◆ **Records for this task**:
○ ○ ○
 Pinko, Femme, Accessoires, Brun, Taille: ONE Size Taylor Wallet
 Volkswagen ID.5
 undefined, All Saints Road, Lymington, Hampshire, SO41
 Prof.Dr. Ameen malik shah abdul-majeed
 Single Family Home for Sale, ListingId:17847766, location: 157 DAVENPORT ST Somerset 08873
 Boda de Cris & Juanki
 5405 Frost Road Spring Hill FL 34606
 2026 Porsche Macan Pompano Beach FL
○ ○ ○
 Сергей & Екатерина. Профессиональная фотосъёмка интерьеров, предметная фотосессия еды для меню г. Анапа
○ ○ ○
◆ **What you have to do**:
Find every line in the records that has the string "Road", then state how many there are and nothing else.

◆ **Answer to this exercise**:
2